Report: China Rebuilding Military Presence Along Indian Border

This video frame grab taken from footage recorded in mid-June 2020 and released by China C
-/CCTV/AFP via Getty

China’s state-run Global Times on Thursday dismissed reports this week of a recent military buildup by China along its border with India as a “routine” activity.

“[I]t is routine for the Indian and Chinese armies to make deployments along the border in summer, with experts warning India not to misjudge the situation and trigger a new round of conflict,” the Global Times wrote, referencing a report published by India Today on May 17 alleging that Chinese People’s Liberation Army (PLA) soldiers had deployed to locations along China’s western Himalayan border with India in recent days.

“Chinese forces are back to their traditional training areas for an exercise near Eastern Ladakh,” anonymous sources allegedly told India Today this week. Ladakh is a northern Indian state that borders the western Chinese territory of Xinjiang.

“The Chinese troops are there in large numbers holding exercises at different locations in their depth areas from where they can reach the Indian front in a matter of few hours,” the sources said.

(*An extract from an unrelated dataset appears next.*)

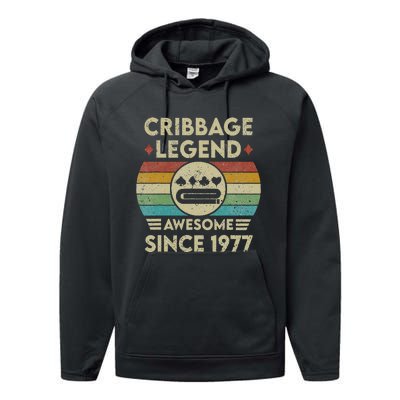 Cribbage Legend 45 Years Old Awesome Since 1977 Cribbage Performance Fleece Hoodie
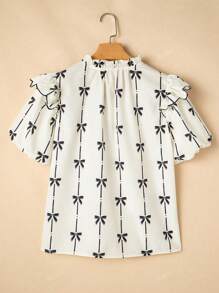 Acelitt Blusa con scollo a V arricciata con ruches, maniche a palloncino, decorata con fiocco e stampa, colore beige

“The Indian forces have also strengthened their deployment in the area as they are keeping a close watch on the Chinese activities in the adjoining sectors,” the sources added.

An ongoing border standoff between China and India sparked last summer after Himalayan regiments from both sides brawled over China’s encroachment into Indian territory in Ladakh’s Galwan Valley on June 15, 2020. The skirmish killed 20 Indian soldiers and a reported 40 Chinese troops, though Beijing never officially confirmed more than two PLA deaths from the clash. Both China and India deployed extra troops and military equipment to their unmarked Himalayan border in the weeks and months following the Galwan Valley skirmish.

Gunshots were fired along the India-China border, officially called the Line of Actual Control (LAC), on September 7, 2020, for the first time in 45 years in another clash between the two sides near Pangong Tso Lake, which spans the LAC. Days later, Indian and Chinese media reports claimed that Indian troops had overtaken a strategic mountaintop along the rim of Pangong Tso that China claims as its own territory. China ordered a massive withdrawal of its forces from the LAC in subsequent months and had reportedly recalled as many as 10,000 border troops by January 2021.

India Today’s report this week that China has allegedly begun returning PLA troops to the LAC near Ladakh indicates that Beijing’s recent troop withdrawal may have been, at least in part, due to seasonal weather conditions, which make the high-altitude, Himalayan border extremely difficult to navigate during the winter.